● **Source records**
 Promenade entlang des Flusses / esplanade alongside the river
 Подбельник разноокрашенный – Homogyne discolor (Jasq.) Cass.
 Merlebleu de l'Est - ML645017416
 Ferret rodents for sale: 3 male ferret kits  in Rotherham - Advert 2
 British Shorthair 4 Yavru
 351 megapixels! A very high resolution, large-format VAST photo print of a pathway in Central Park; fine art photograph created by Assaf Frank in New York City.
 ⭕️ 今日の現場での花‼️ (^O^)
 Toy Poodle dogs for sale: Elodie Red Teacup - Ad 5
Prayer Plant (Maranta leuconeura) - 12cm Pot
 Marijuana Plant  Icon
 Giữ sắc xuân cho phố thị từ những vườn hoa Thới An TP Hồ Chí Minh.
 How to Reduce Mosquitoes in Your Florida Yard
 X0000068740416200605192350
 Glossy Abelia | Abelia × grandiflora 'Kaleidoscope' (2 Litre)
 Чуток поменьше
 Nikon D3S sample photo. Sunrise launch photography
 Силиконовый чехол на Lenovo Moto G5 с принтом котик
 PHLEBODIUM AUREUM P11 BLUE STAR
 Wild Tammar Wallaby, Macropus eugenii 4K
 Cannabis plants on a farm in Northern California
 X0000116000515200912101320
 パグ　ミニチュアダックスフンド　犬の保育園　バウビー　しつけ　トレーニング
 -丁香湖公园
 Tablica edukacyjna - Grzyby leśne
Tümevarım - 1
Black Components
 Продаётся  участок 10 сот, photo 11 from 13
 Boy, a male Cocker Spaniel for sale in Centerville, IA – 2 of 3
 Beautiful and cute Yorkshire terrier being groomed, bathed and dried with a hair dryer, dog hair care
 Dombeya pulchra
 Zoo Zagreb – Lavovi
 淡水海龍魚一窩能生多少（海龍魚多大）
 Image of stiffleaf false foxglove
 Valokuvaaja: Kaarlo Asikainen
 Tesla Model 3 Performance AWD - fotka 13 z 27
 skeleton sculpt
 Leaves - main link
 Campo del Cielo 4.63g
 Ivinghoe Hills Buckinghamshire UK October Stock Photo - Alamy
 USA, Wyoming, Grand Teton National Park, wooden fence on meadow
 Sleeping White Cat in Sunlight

● **WORK ORDER**
Wherever "sale" occurs in the records above, copy the line it sits in.

● **RESPONSE BELOW**
 Ferret rodents for sale: 3 male ferret kits  in Rotherham - Advert 2
 Toy Poodle dogs for sale: Elodie Red Teacup - Ad 5
 Boy, a male Cocker Spaniel for sale in Centerville, IA – 2 of 3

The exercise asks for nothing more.